To roll-out an M&A strategy it’s easier to scratch your own itches

To define what’s a complimentary product, IWS and its investor have kind of an unfair advantage:

“at Sciens, we’re fortunate that on some days we could put a hat on and think about ourselves because we are a water utility by virtue of CSWR. So we know how we think and we know how we have to operate. With that knowledge of being in effect our own customer, we can then step outside of that and become our service provider and put together packages that we know would marry up well with what the needs are in the marketplace.”

Tom Rooney

This defines the roadmap, as it lays out what technologies and services shall be aggregated and gives an overall direction to follow. But how does it roll out in concrete terms? First, you need to build an acquisition pipeline.

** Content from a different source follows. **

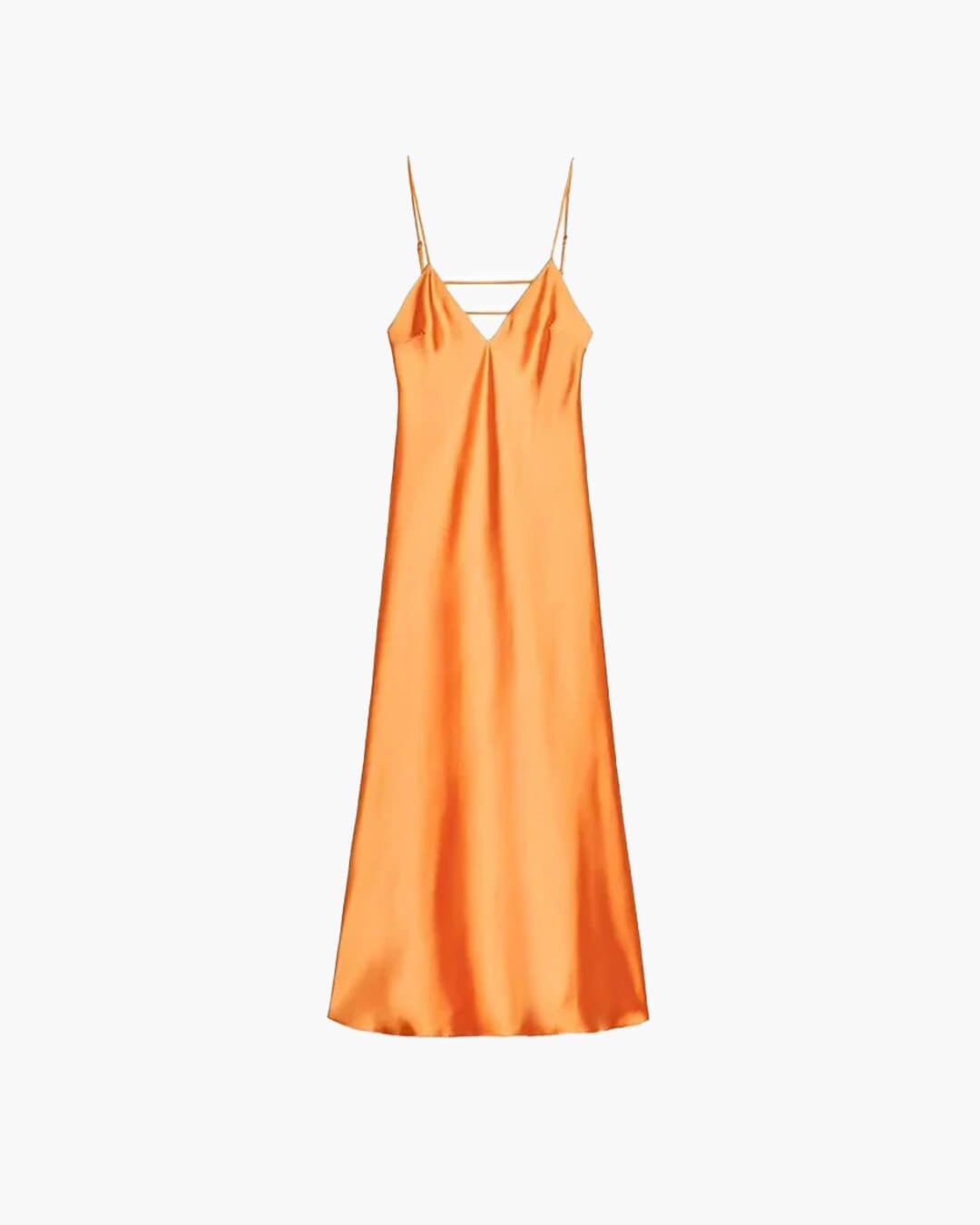 SOERA Kirra Satin Backless Maxi Dress - Dress -  Orange XS
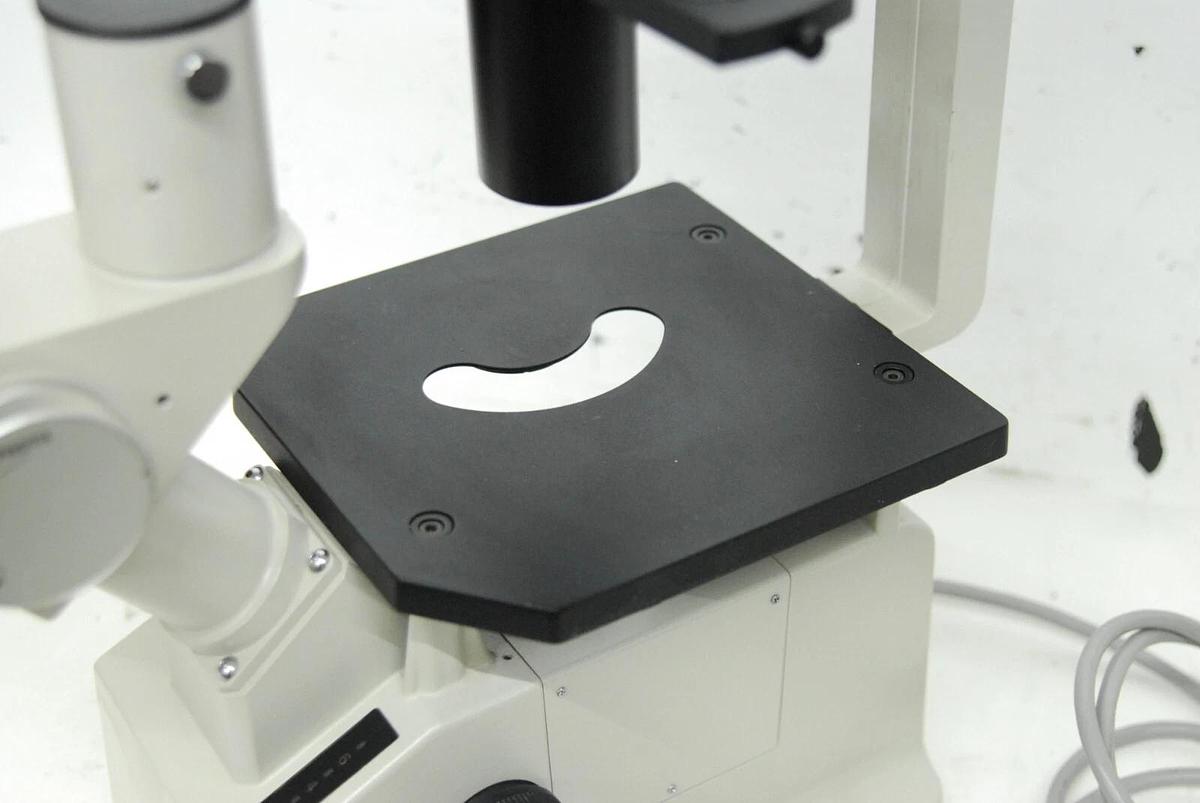 Used Nikon TMS- F Inverted Trinocular Microscope W/ 4x Objective - Read Description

Building an Acquisition Pipeline

“It’s not hard to do that, whether it’s primary or secondary research. You can build a proprietary pipeline of 100 or 200 targets. It’s probably harder to advance those targets through the pipeline. Some of the magic is these companies are typically not Banked. They’re not dressed up for sale.

In many ways, you’re dealing with entrepreneurs, owners, sole proprietors who have never thought about selling their business. And those conversations take some work, right? That could have a prolonged courting period when the business is not ready for sale. It’s you got to work with them to understand the underlying fundamentals, financial commercial operating of the business so that you put a value and structure on it as well.”

Alex Buehler

Secondary sources in the Water M&A market

That’s one source for the acquisition pipeline, but not the only one. If you recall my conversation with Karl Michael Millauer – who’s himself representing several dozens of companies looking for an acquiror:

“in most cases there’s a succession problem that the founders have no kids or nobody who success, therefore they want to sell. But this is the major part of the sales site mandates, which I have. But sometimes I have also companies who have reached a limit. They need a strategic partner to continue to grow.”

Karl Michael Millauer

Succession issues or glass-ceilings are great opportunities for M&A moves in the water sector

“Those are great situations. We face them all the time. We’ve got three on the table right now. It’s a great way for them to, to again, take some cash off the table, de risk their investment, in certain cases transfer it to the next generation of ownership with some outside capital, growth capital if you will, but uh, that is a key differentiator in terms of private equity.

Positioning itself with owners to say, what can we do for you? How can we help you? And we face that all the time.”

Alex Buehler

Growth capital to raise from one ladder to the other

“We’re trying to service an unserviced sector of the water market, rolling up those small-ish, medium-ish service and technology providers.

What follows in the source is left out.